*WHAT THE TASK ASKS:* With the pictures left out, transcribe exactly the lines from the one with "fredy emue「ドライタンブラーイージースラックスパンツ」|スラックス|" through the end of the data.

(Pictures with short captions)
- - -

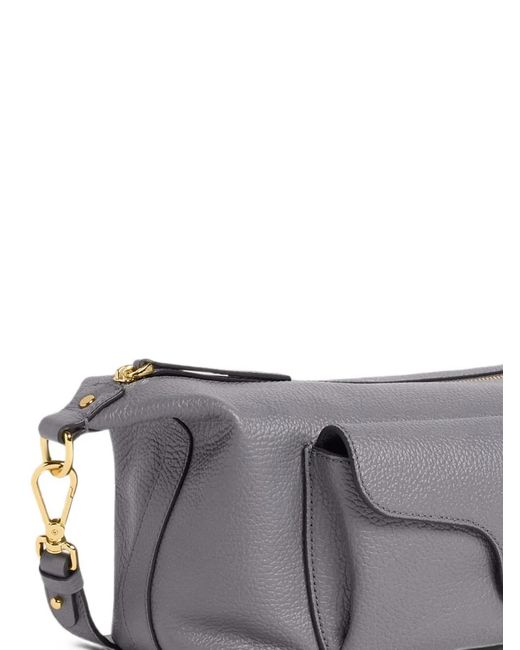Coccinelle Gray Sac À Bandoulière Beat Generation Médium En Cuir
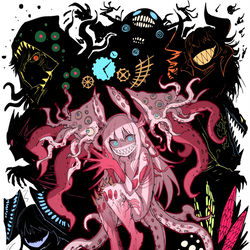 This is a pixiv picture whose title is ニュルニュル.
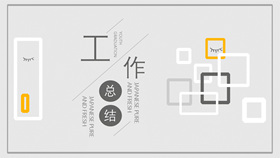 灰色工作汇报总结PPT模板-叨客学习资料网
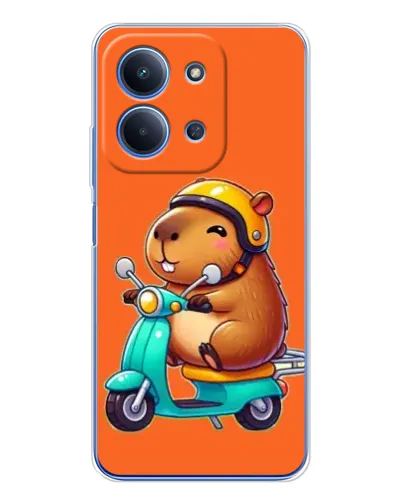 Чехол для Huawei Honor Play 11 Plus с картинкой «Капибара на скутере» Чехол для Huawei Honor Play 11 Plus с картинкой «Капибара на скутере»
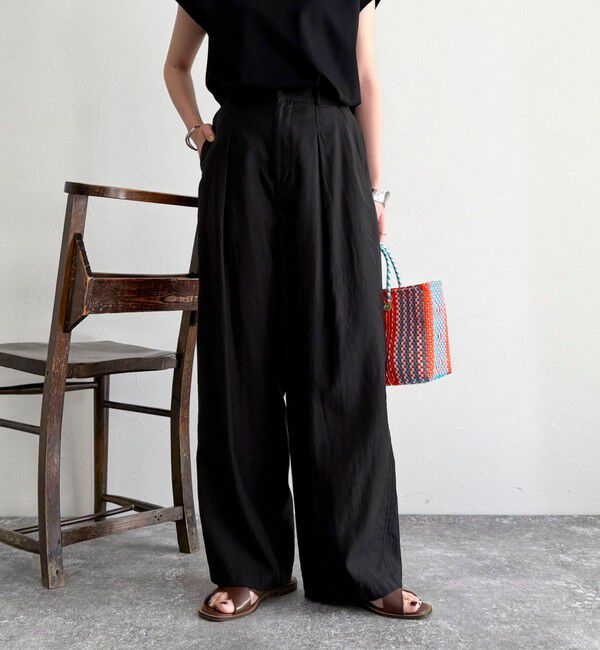 fredy emue「ドライタンブラーイージースラックスパンツ」|スラックス|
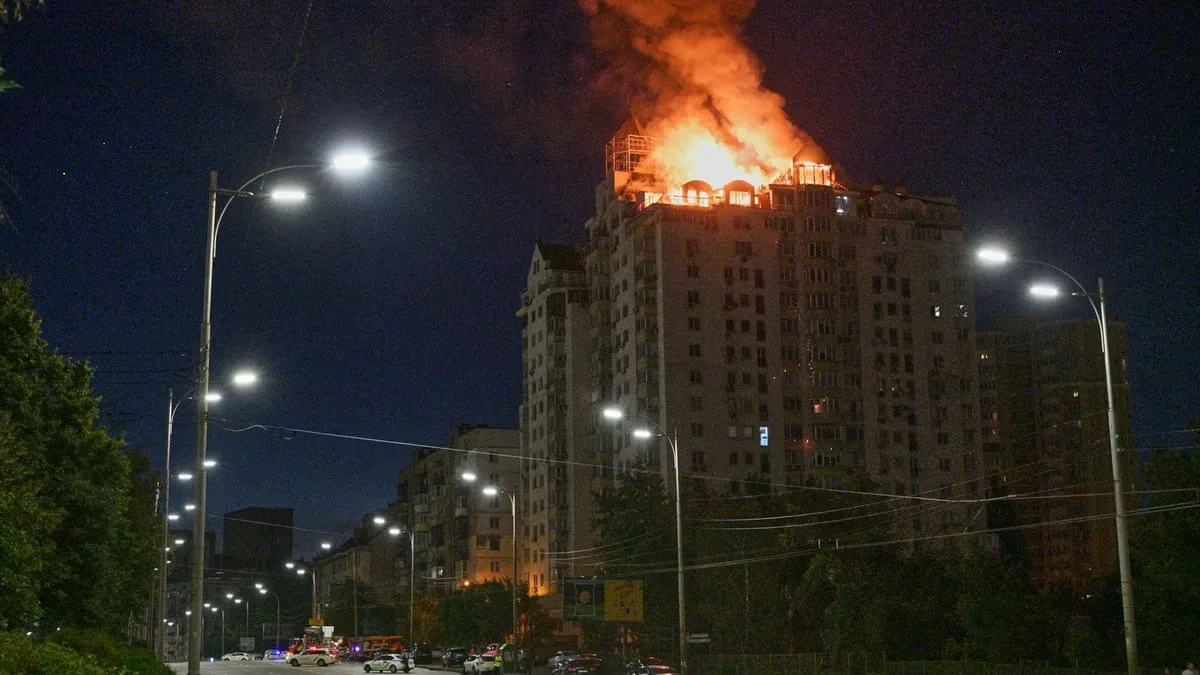 Brutal Bombing of Kyiv: The Peak of Airstrikes in the Ukraine War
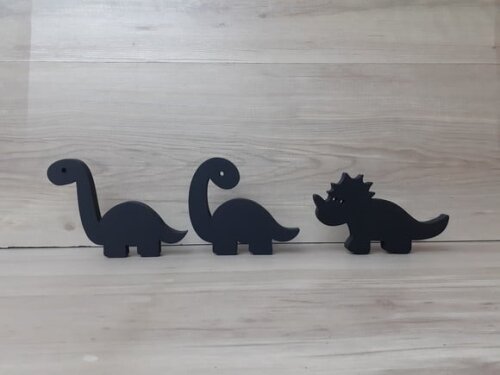 Trio de Dinossauros em mdf - para mesa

- - -

*SOLUTION TO THE EXERCISE:*
 fredy emue「ドライタンブラーイージースラックスパンツ」|スラックス|
 Brutal Bombing of Kyiv: The Peak of Airstrikes in the Ukraine War
 Trio de Dinossauros em mdf - para mesa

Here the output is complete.